All the able bodied residents moved more quickly and when the soldier saw Steve, again in the wheel chair and old black woman were headed in the right direction with their caregivers, he walked away.  Darlene held Penny’s hand and joined Steve’s group.  Steve let Millie set the pace leaving them falling farther and farther behind the hundreds of folks gathering at the town hall.  He stopped everyone at the edge of the square as far from the gathering as possible.

Two strutting military men stood on the top steps of the town hall along with Tony and half a dozen civilian.  Tony looked shell shocked.  He stole glances at the Major as if he were looking at a rattlesnake ready to strike.  The other civilians looked no easier at being in the company of the military.

Della leaned down to whisper to Steve. “This doesn’t look good.”

Steve got out of the chair and gentle guided Millie into the wheelchair.  Together the group of six began to ease back from the gathering into the shadow of a big spreading oak.  The soldiers had gravitated toward the front of the gather of nearly three hundred people gathered.

The Major stepped up to a portable public address system. “The President of the United States has imposed congressionally authorized martial law for the duration of this crisis. The authorizing act allows the President to suspend habeas corpus throughout the entire United States.

There have been instances of the use of the military law within the borders of the United States, such as during the civil rights crises in the 50’s. As of this enactment, there will be no distinction between martial law and military justice administered by the military and as such takes precedence and all civil courts will cease to function for the duration of this crisis.

Guards will be posted throughout the community, and all assets will be consolidated for appropriate redistribution by the military and to discourage hoarding. The assets to be collected by this order will include all fuel, food stock, liquors, medications, weapons and ammunition to ensure proper distribution.  Military personnel and/or military authorized individuals will take any and all actions to ensure infected individuals do not enter the secure perimeters.

Work details will be established and everyone, I repeat, everyone will be assigned to a work detail.  There will be no exceptions if you don’t work folks, you will not be eating.”

Tony jumped up leaned over and said something at the Major and his Captain.  The big black man’s arm shot out and he slammed a handgun against the side of Tony’s head.

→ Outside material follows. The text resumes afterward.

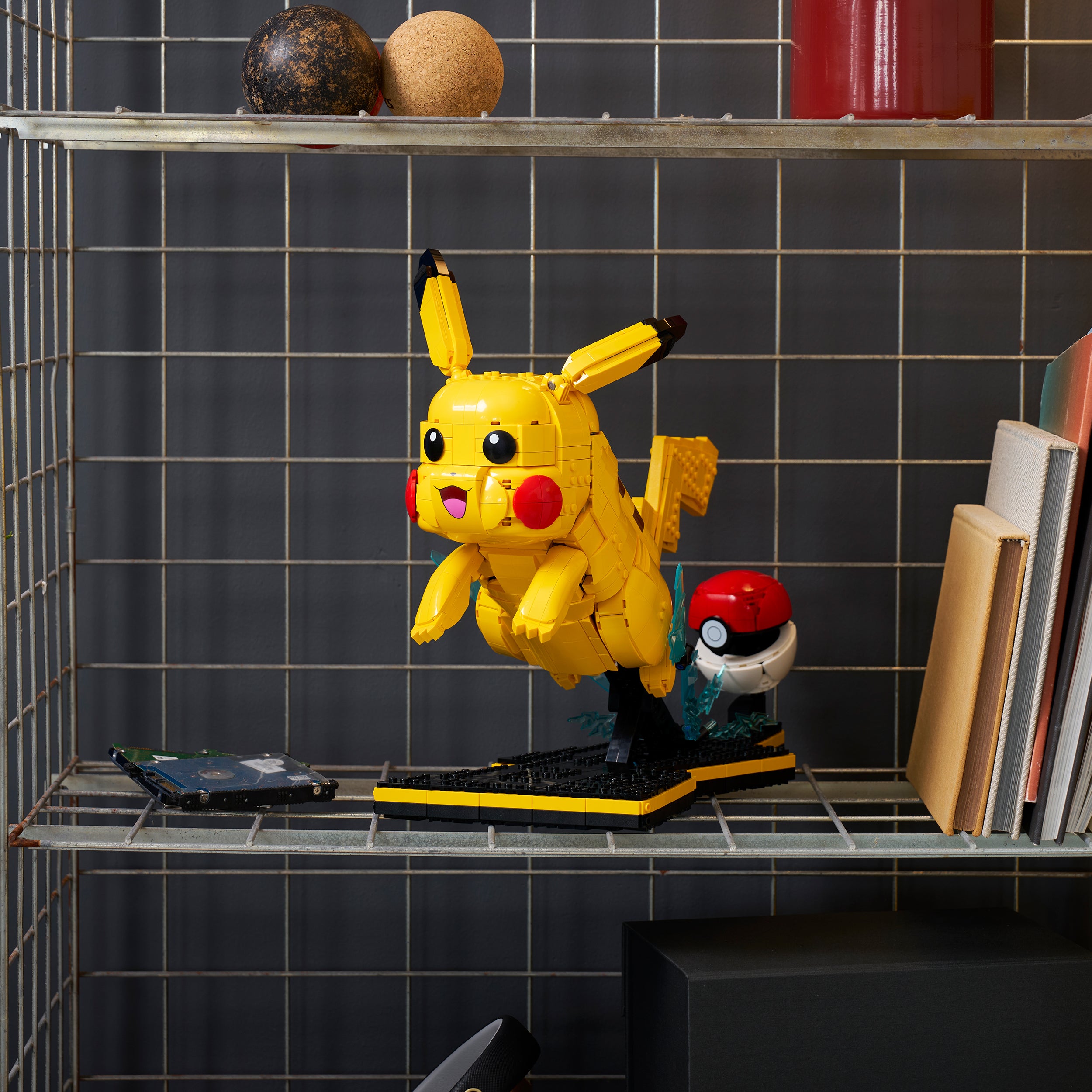 LEGO® 72152 Pikachu and Poké Ball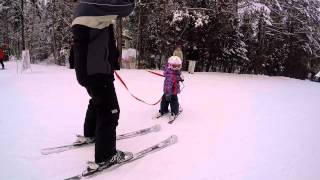 2.5 year old skiing for the first time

Pandemonium erupted on the front steps of the town hall.  Other members of the city council rushed to Tony’s side.  Soldiers swarmed around the crowd and shots were fired.

“Go now.”  Steve whispered.

The audience either pulled back from the altercation or surged forward to protest.

Della grabbed the handles of the wheel chair where Millie had settled and Darlene picked up Penny.  They quickly made a beeline for the corner of the motel building.  Two more shots were fired, but Steve’s band of escapees kept moving away from the fighting that suddenly erupted.

They got to the side of the building and all were out of breath except Millie and Penny.

“Run away! Run away!” Penny giggled.

Steve turned to Zack.  “Get them in the truck.”

Zack grabbed the handles of the wheel chair from Della.  “Go. I got this.”

Steve watched as the twenty or so soldiers herded the city council toward the door to the City Hall.  Half a dozen burly townsmen raced toward the commotion and more shots rang out.  Two men fell and the crowd panicked and scattered in all directions.

Steve hurried around the building to the truck and struggled into the seat.  “Go! Now!”

Zack slammed the truck into gear and stomped on the gas.  He made the first left and headed back down the street toward the bridge.

When the truck got to the metal barrier at the bridge, Ollie stepped out of the nearby tent and waved.  “What’s going on?  Where are you folks headed?”  He asked with a worried look.  “What are the shots in town?”

Steve answered.  “The soldiers just caused a riot in front of city hall.  Two people went down.  They’re claiming martial law gives them the right to confiscate food, meds and weapons.  We have no intentions of staying and giving up our guns.”

“What’ve you got in back?”  Ollie asked.

Just what we came with.”

“Son-of-a-bitch!”  Ollie swore as he looked at the people around him.  “How bad is it?”

Steve shrugged.  “They could have already killed two people.”  He answered then asked.  “Will you open the gate and let us go?”

“No reason not to.”  He waved at the men standing look out.  “Open the gate.”

Ollie looked into the back seat.  Looks like you picked up a few folks.  What about that young girl that came in with you?”

“She found some friends and was determined to stay.”  Steve shrugged. “Will you watch out for her?  She’s just a kid.”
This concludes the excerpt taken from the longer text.